Universal have provided two soundtracks with this release. As well as an English Dolby Digital 5.1 track, there is also a Hungarian equivalent, which is a little surprising. Normally region two releases have more universal languages like French or German. Anyone know if the movie was a success in Hungary then? The movie has got quite an active musical soundtrack which excels this track above the normal run of the mill comedy. The musical score often finds its way to the rears which is pleasant change. However, this is by no means a full surround experience. Dialogue is also reproduced clearly through the front speakers. This is not a bad effort and probably better than I would expected. Subtitles are provided in seven different languages.

Sadly the extras section is a little sparse with this DVD release. There are only a couple of extras on offer with the screen specific audio commentary being the main selling point.

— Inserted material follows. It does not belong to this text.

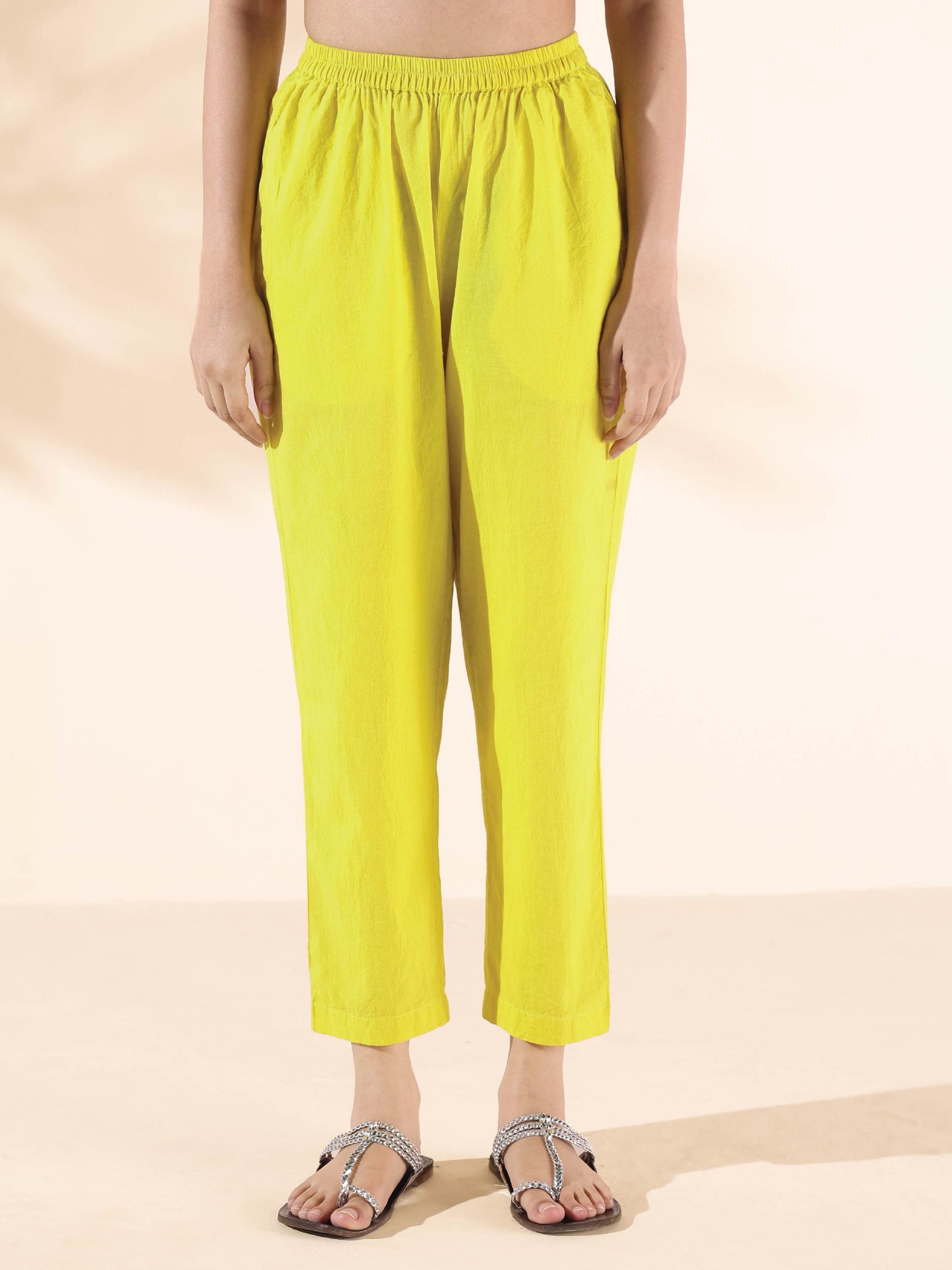 trueBrowns Lime Cotton Ikat Kurta Pant Set | Swadesiicart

The commentary is with director Michael Lehmann, producer Michael London and screenwriter Robert Perez. The commentary is very detailed with the commentators leaving no detail unexplored. However, the commentary is also quite dull as well. Considering the nature of the movie I was expecting some fun and jokes from this commentary, but sadly the speakers seem keen to give a serious accompaniment to the movie. A commentary for real fans of the movie. Also found on the disc is a theatrical teaser trailer which lasts for about thirty seconds. The trailer shows Josh Hartnett’s character speaking about the vow he has taken. The trailer also features Shannyn Sossamon.

40 Days and 40 Nights
40 Days and 40 Nights passed through the cinemas relatively unnoticed and chances are its DVD release will be a quiet affair. On paper the film looks quite promising, but a lack of direction and unoriginal sketches leads to an uninspiring few hours. Its not bad, but there are better comedies out there to spend your money on this Christmas. This DVD release is a bit like the film, being very hit and miss. An impressive transfer is sorely let down by a lacklustre extras list. This release is worth checking out, but you are probably better off saving your money and making this a rental instead of a retail purchase.